Germany is now waiting for the EU’s final approval. Officials anticipate minor changes will need to be made to the proposed legislation to better comply with EU regulations. However, there is no word yet on what those changes may include. Yet, with the process in motion, German officials feel confident moving forward with potentially introducing cannabis legislation in the next few weeks.
Again, the legal framework of the EU is based, in part, on treaties. One treaty, the Schengen Convention of 1985, requires countries to combat the illicit drug trafficking trade. There have been concerns that legalizing recreational cannabis could potentially violate this treaty and lead to cannabis trafficking across Europe. Ensuring Germany meets treaty requirements means the German collation government must reduce crime and make cannabis use as safe as possible, issues the German government plans to address. Germany seeks to maintain its own goals while alleviating the fears of neighboring countries.
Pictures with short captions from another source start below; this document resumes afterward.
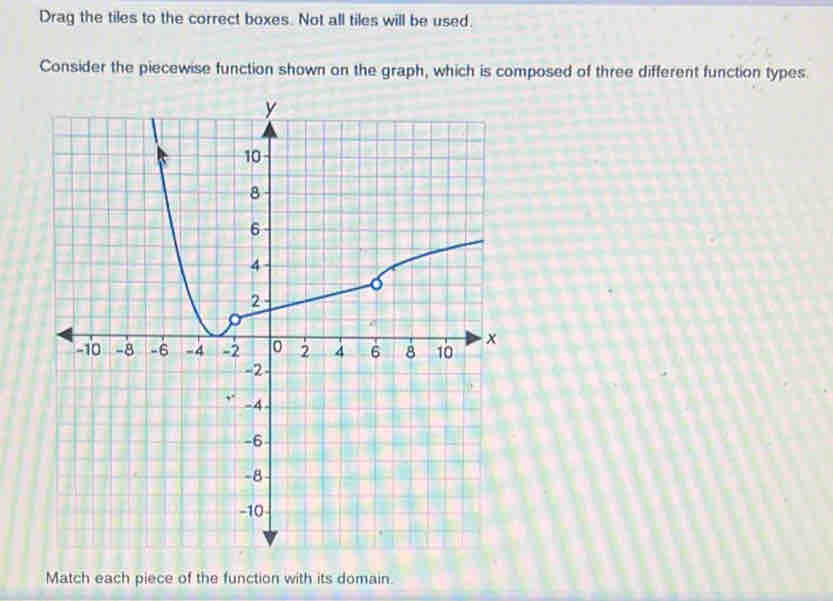 ∪
Match each piece of the function with its domain.
( (-2,6) (-∈fty ,-2) (3,∈fty ) (1,∈fty ) (1,4) (-∈fty ,1)
(6,∈fty ) (-∈fty ,6).
linear
quadratic
square root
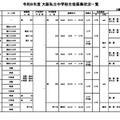 【中学受験2026】【高校受験2026】大阪私立校、生徒募集状況一覧 画像
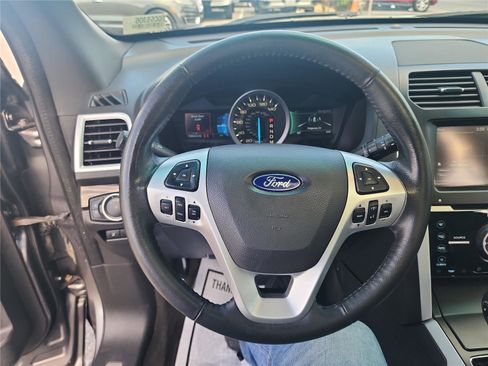 Used 2014 Ford Explorer Limited image 33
More Problems on the Horizon?
With Germany’s potential issues with the European Union in the rearview mirror, its path toward legalization should be free and clear. There is still one international organization that wants its say in the matter. The United Nations is an international organization first founded in 1945 after the end of World War II. It has grown from 51 original member nations to over 193 today. The goal of the body is to promote conversations surrounding peace, equality, economic stability, and meeting common goals.
The United Nations indicates member countries cannot progress further than simple decriminalization and legalizing medicinal cannabis. An annual report released by the UN’s International Narcotics Control Board suggests that the United States government violates the 1961 Single Convention treaty because it declines to enforce cannabis prohibition at the state level.
Currently, there is no indication the UN will levy consequences on countries with recreational cannabis laws. Member nations like Canada and Uruguay, for instance, federally legalized cannabis for recreational use without any repercussions from the international organization.
With the blessing of the EU, Germany seems poised to forge ahead with recreational cannabis legalization efforts, even against the wishes of the United Nations. If Germany succeeds in legalizing marijuana, recreational cannabis sales may begin as soon as 2024.